Nobody expected Heaven and Hell to be a landmark album, not even Black Sabbath. The band had toiled for nearly a year on the album, with nothing to show for it. Ozzy got canned, Geezer Butler went back home to tend to marital issues, and Tony Iommi wasn’t even sure a Black Sabbath album was in the cards. A side project with former Rainbow/Elf singer Ronnie James Dio was perhaps a better idea, but as the pair jammed it became apparent this was new Black Sabbath material. And when Geezer heard some demos (bass parts had been performed and often written by Geoff Nichols, including the excellent title track) he rejoined the band for recording.2 Nichols moved over to keyboards, which also play an effective role on the album, and Black Sabbath were back off to the races.

I won’t get into the Dio vs Ozzy debate, but the songs on Heaven and Hell are undeniably more musical and melodic than anything off the previous two Sabbath records.
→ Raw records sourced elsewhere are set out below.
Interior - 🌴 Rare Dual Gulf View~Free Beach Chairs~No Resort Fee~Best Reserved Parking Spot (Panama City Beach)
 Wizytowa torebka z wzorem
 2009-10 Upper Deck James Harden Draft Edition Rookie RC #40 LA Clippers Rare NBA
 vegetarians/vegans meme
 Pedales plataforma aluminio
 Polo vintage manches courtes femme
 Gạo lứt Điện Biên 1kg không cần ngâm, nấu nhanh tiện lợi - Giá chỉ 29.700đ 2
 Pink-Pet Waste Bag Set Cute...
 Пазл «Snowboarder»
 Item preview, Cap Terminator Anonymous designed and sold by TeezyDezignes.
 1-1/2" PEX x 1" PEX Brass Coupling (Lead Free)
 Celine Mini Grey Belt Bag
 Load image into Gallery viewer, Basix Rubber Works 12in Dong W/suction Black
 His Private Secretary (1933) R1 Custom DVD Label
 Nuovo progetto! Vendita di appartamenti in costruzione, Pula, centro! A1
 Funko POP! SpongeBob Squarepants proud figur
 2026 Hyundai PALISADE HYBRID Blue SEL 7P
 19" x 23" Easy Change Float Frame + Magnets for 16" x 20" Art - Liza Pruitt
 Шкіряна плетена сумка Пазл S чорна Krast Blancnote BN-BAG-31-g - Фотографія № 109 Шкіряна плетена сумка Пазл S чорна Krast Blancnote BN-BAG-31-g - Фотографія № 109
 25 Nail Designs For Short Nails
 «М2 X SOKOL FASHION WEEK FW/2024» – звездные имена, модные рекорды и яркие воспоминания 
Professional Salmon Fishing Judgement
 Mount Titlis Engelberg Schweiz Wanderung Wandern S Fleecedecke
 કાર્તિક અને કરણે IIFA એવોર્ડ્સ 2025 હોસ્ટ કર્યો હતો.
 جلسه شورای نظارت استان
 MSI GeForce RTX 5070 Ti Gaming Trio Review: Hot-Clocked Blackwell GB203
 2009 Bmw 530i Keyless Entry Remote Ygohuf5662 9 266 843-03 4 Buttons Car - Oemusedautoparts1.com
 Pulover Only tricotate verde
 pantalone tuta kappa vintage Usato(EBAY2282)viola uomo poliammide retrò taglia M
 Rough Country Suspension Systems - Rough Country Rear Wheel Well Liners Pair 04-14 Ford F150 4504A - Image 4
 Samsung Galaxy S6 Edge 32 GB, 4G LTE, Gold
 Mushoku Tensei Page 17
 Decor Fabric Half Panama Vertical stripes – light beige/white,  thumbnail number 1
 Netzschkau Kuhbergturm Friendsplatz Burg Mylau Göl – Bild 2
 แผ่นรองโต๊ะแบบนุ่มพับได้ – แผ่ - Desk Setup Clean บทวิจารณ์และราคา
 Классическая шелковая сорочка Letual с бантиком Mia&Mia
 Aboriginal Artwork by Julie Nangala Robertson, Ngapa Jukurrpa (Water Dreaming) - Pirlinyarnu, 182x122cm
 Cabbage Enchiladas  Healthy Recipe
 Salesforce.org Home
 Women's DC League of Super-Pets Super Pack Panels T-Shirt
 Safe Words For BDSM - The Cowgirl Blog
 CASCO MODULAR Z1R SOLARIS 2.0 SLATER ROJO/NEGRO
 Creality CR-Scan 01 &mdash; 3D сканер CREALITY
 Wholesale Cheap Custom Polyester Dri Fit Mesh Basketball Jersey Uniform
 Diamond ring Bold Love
This may have rubbed olde-school fans the wrong way, but looking back this music is amongst the finest the band ever wrote. “Neon Knights” and “Die Young” are two electric, immediate songs that storm out of the blocks with guns blazing, the former with a more modern metal feel than one might expect, the latter with an ominous keyboard intro that would come into play again on follow-up The Mob Rules, and more of the thicker, bass-heavy riffing we had come to expect from the band. Two songs that, forty years and counting, I refuse to skip through when they spring up on the stereo.

Sure there are a couple of throwaway tracks that maybe would have been more suited to Rainbow than Black Sabbath – “Lady Evil” and “Walk Away” both lack bite and menace even though they are solid enough hard rock songs – but the standout songs are legendary. Beyond the two mentioned above, we have the iconic title track and the massive closer, “Lonely is the Word.” That song was a bit of a sign of what was to come in the thick, sludgy, and claustrophobic follow-up, The Mob Rules, a classic foray into doom metal which would be amped up to catastrophic proportions on “The Sign of the Southern Cross” and “Falling off the Edge of the World” the following year. And “Heaven and Hell” is the perfect doom song. A memorable riff, killer bass work, fantastic Dio lyrics, one helluva solo from Iommi, and a hauntingly evil acoustic fadeout make this one of my top twenty songs of all time.

The Dio era was short-lived, but to fans like me who don’t always care about what happened in the past, it produced two great albums (and one pretty good one a few years later). I listen to Heaven and Hell and The Mob Rules more than all other Black Sabbath albums combined. Maybe part of that is due to the inimitable legend Martin Birch,3 who produced many of the greatest metal albums of the era. Maybe it is due to the quality of the songwriting. Maybe it’s the chemistry and vitality that comes through in the songs, something we also saw from Ozzy on his first two solo outings around the same time. Really, though, it’s a combination of all the above, and Heaven and Hell was and remains a must-have album.


Show 3 footnotes

  1. Never Say Die is actually quite good, you Hucking hack! – Steel
  2. On a personal note, I love and hate Mr. Butler. Absolutely one of the best bass players in metal history, but notoriously hard lines to play. Drives me nuts sometimes.
  3. Yeah I bolded his name, and he’s not a band, but the fact that Martin Birch is the most important producer in metal history is a hill I will die on.